Nov 6, 2007

What does GPhone and Eclipse eRCP have in common

I was reading the overview of the Google's recently announced Android (a.k.a Google Phone). The information is very scarce at the moment to comment about any technical details but I am under the impression that Android shares some of the properties and goals of the eRCP project.

First the most obvious, it is "open", for real. It is licensed under Apache license. A license that is equally friendly to manufacturers and operators just like Eclipse's EPL. One of the reasons why eRCP is one of the rare cases of an open source technology being adopted by the mobile industry.

It aims to "allow developers to build rich mobile applications". This is what eRCP is bringing to mobile world especially with eSWT and that is why eSWT is one of the most improved part of the eRCP on every release.

Another subheading in the overview is "All applications are created equal". I guess this sounds very familiar to Eclipse plug-in developers. Isn't "all plug-ins are equal" the second most repeated sentence by Jeff McAffer, after "plug-ins equals bundles" for the last few years.
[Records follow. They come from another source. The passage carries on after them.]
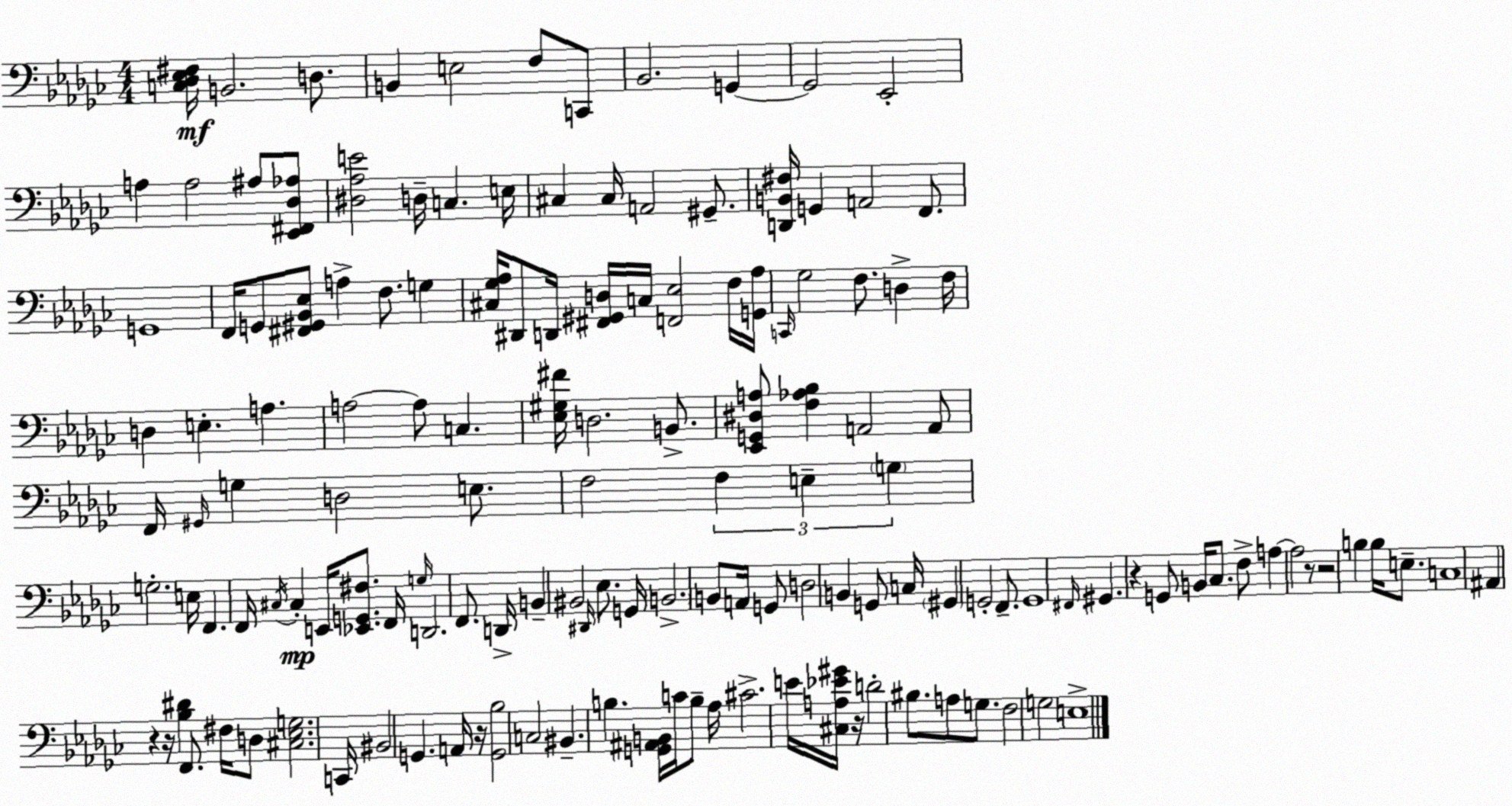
X:1
T:Untitled
M:4/4
L:1/4
K:Ebm
[C,_D,_E,^F,]/4 B,,2 D,/2 B,, E,2 F,/2 C,,/2 _B,,2 G,, G,,2 _E,,2 A, A,2 ^A,/2 [_E,,^F,,_D,_A,]/2 [^D,_A,E]2 D,/4 C, E,/4 ^C, ^C,/4 A,,2 ^G,,/2 [D,,B,,^F,]/4 G,, A,,2 F,,/2 G,,4 F,,/4 G,,/2 [^F,,^G,,_B,,_E,]/2 A, F,/2 G, [^C,_G,_A,]/4 ^D,,/2 D,,/4 [^F,,^G,,D,]/4 C,/4 [F,,_E,]2 F,/4 [G,,_A,]/4 C,,/4 _G,2 F,/2 D, F,/4 D, E, A, A,2 A,/2 C, [_E,^G,^F]/4 D,2 B,,/2 [_E,,G,,^D,A,]/2 [F,_A,_B,] A,,2 A,,/2 F,,/4 ^G,,/4 G, D,2 E,/2 F,2 F, E, G, G,2 E,/4 F,, F,,/4 ^C,/4 ^C, E,,/4 [_E,,G,,^F,]/2 F,,/4 G,/4 D,,2 F,,/2 D,,/4 B,, ^B,,2 ^D,,/4 _E,/2 G,,/4 B,,2 B,,/2 A,,/4 G,,/2 D,2 B,, G,,/2 C,/4 ^G,, G,,2 F,,/2 G,,4 ^F,,/4 ^G,, z G,,/2 B,,/4 _C,/2 F,/2 A, A,2 z/2 z2 B, B,/4 E,/2 C,4 ^A,, z z/4 [_B,^D] F,,/2 ^F,/4 D,/2 [^C,_E,G,]2 C,,/4 ^B,,2 G,, A,,/4 z/4 [G,,_B,]2 C,2 ^B,, B, [G,,^A,,B,,]/4 C/4 B,/2 _A,/4 ^C2 E/4 [^C,A,_E^G]/4 z/4 D2 ^B,/2 A,/2 G,/2 F,2 G,2 E,4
"Fast & easy application development". eRCP tries to achieve this by providing a desktop version of the eRCP runtime and utilizing the Eclipse PDE and JDT. At the same time the single implementation with collaboration ensures that eRCP works same across platforms. It will be interesting to see the tooling story on Android.

Without any infromation other than the overview of Android and the fact that it includes a java solution, I will not be surprised if Android includes an OSGi based middleware(or something very close to OSGi) like eRCP to achieve above.